Latein (und Theologie und Religionspädagogik – siehe oben) ja, Griechisch nein – nein, nein, nein. « Ich war nicht ganz gehorsam », gesteht Abt Vigeli.

Unsere Verwunderung weicht, nachdem er uns ein wesentliches Element der Benediktsregel erläutert. Demnach soll man annehmen, was einem auferlegt wird. Man soll es in jedem Fall versuchen. « Stellt sich eine Sache als zu schwierig heraus, dann kann man zum Abt gehen. Man muss nichts schlucken. »

Gerne hätte Bruder Vigeli seine Studien in Rom fortgesetzt. Der Abt verwehrte ihm das. Begründung: « Zu viele Bekannte, zu viel Ablenkung. »

Womit wir wiederum beim Thema sind: Gehorsam.

Wir Laien, die wir am Leben im Kloster Disentis häppchenweise – ein paar Stunden oder Tage – teilnehmen dürfen, sind immer wieder mit diesem Wort konfrontiert und zumindest in meinem Fall auch irritiert. Denn wir fragen uns, was « Gehorsam » bei tieferer Betrachtung bedeutet. Die Erklärung aus berufenem Mund: « Werdegang ist auch der Weg des Gehorsams. Wenn ich diesen Weg gehe, dann ist es am besten – weil ich von Gott geführt werde. Wenn ich mich hingegen weigere, dann kommen auch die Probleme. »

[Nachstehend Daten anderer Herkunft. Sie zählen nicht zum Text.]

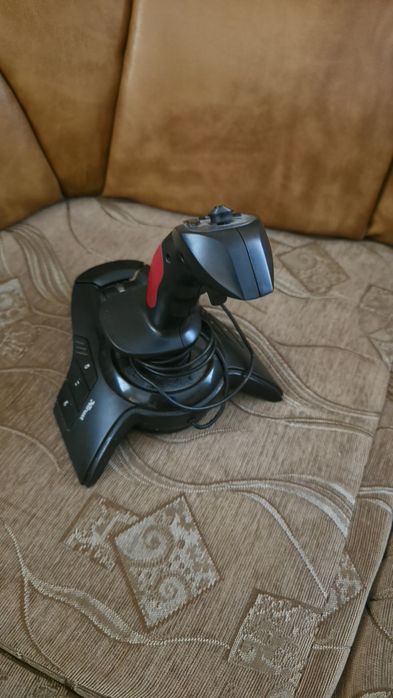 Joystick trust predator gxt555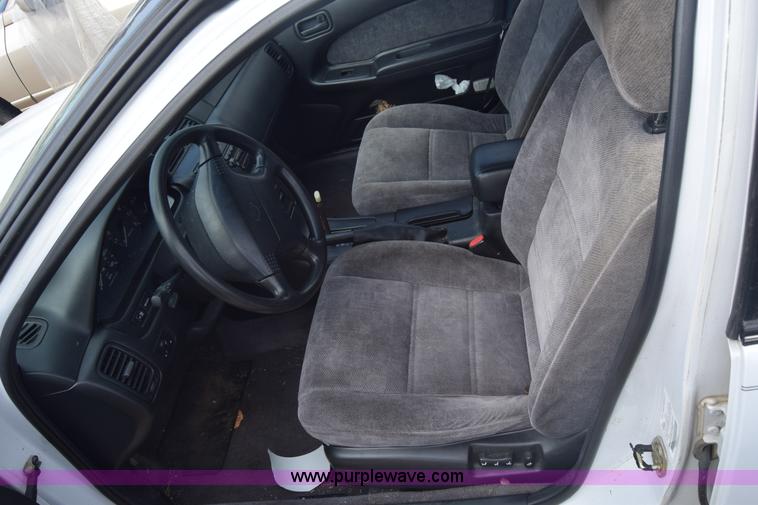 image for item J8018 1997 Nissan Maxima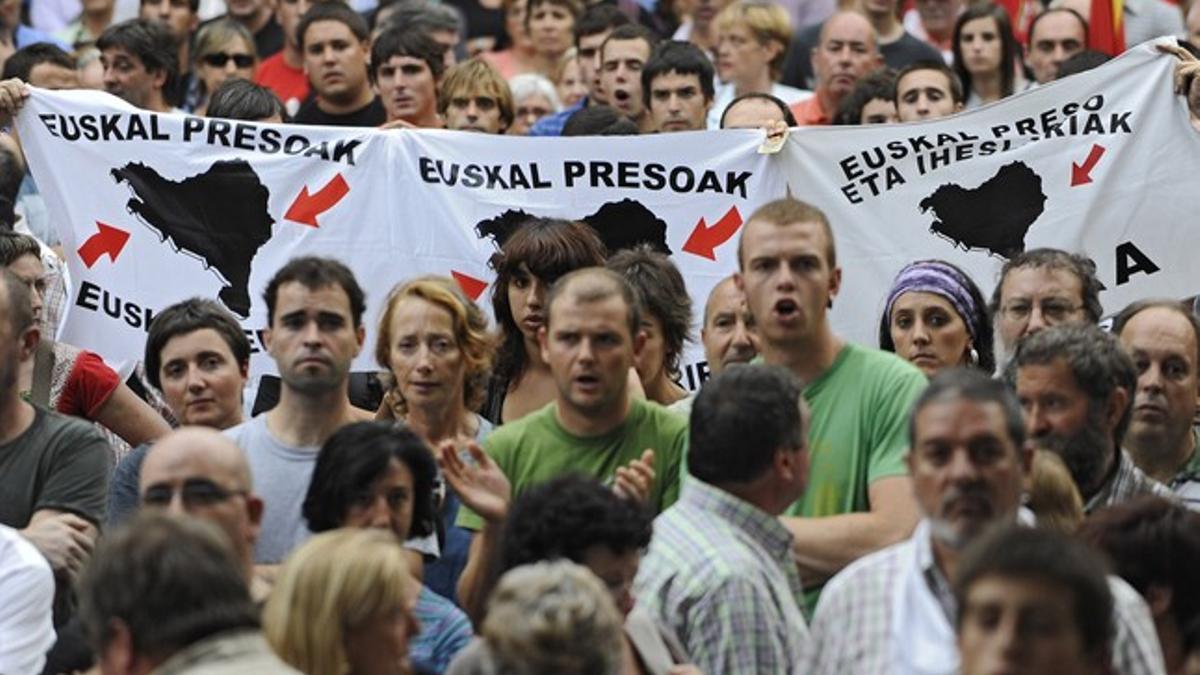 Manifestación de apoyo a los presos de ETA en San Sebastián.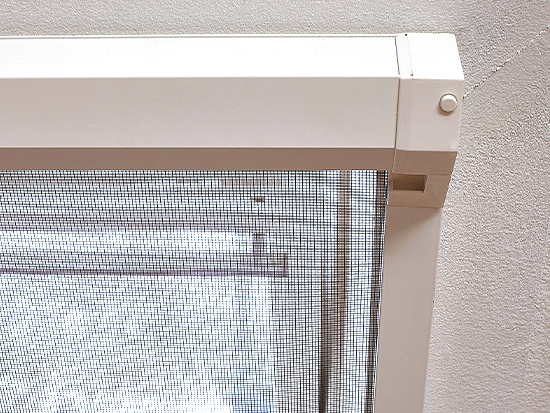 Przybliżenie na kasetę moskitiery z mechanizmem zwijania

Pater Vigeli kehrte als Lehrer nach Disentis und ans Gymnasium zurück. Ab Pfingsten 1999 bis 2008 war er Statthalter und damit verantwortlich für die wirtschaftlichen Belange des Klosters, ab 2003 Dekan, und 2012 wurde er zum
66. Abt des Klosters Disentis gewählt.

Die Wahl fand am 19. April 2012 statt – im Kapitelsaal, der normalerweise als Refektorium (Speisesaal) dient. Stimmberechtigt sind alle Kapitularen (alle Mönche mit Ewiger Profess). Der Altabt nimmt an der Wahl nicht teil.

Es gibt keine Kandidaten, keine Absprachen, keine Wahlpropaganda. Geleitet wird bzw. wurde die Wahl von Abtpräses Benno Malfér und einem Sekretär. Der erste Wahlgang dient der Ermittlung von Kandidaten. Jeder Kapitular erhält einen Stimmzettel und darf darauf einen Namen notieren. Der Gewählte kann die Wahl umgehend annehmen – so wie dies Abt Vigeli tat – oder er kann sich einen Tag Bedenkzeit ausbedingen.

Nach Annahme der Wahl legt der neue Abt das Glaubensbekenntnis ab, die Glocken der Klosterkirche läuten, und die Menschen strömen in die Klosterkirche. Der Abtpräses – Abt Benno Malfér – verkündet ihnen den Namen des neuen Abtes. Beim so genannten Homagium erweisen die Mitbrüder dem neu gewählten Abt ihre Ehrbezeugung, und der Abt und seine Mitbrüder tauschen den Friedenkuss aus.

Bei der Abtsbenediktion am 6. Mai 2012 waren Sie entweder dabei oder haben sie in DISENTIS von Ferne miterlebt.

Was macht Abt Vigeli besonders Freude ?

Es sind die Aufgaben, die das Amt von ihm verlangt. « Ich will für die Gemeinschaft da sein. Ich will wie ein Vater sein, der versucht, sie zusammenzuhalten und zu führen – und dem Einzelnen ein gutes Wort zu geben und ihn zu unterstützen. »

Keine leichte Bürde, denkt man. Doch in den Worten des Abtes kommt nichts Derartiges zum Ausdruck – auch nicht im Unterton. Im Gegenteil: Man spürt die Berufung des Abtes, man spürt seine Hingabe, seinen Geist, seine Kraft, sein « feu sacré ».

Zu den Pflichten des Abtes gehört es, der Liturgie vorzustehen und das Kloster gegenüber kirchlichen und weltlichen Institutionen zu vertreten. Das alles ist für Abt Vigeli weniger Pflicht als Kür – mit einer wichtigen Präzisierung: « Feierliche Gottesdienste betrachte ich nicht als Bühne, sondern als speziellen Dienst ». Doch wenn wir uns an Dietrich und seine Kinderprozessionen in Sedrun zurückerinnern, dann brennt eine Frage auf der Zunge, die man einem Abt vielleicht nicht stellen darf. Und doch ist sie bereits herausgeplumpst: « Hat sich für Sie ein Bubentraum erfüllt ? »

Abt Vigeli lächelt. So, wie nur der Abt lächeln kann.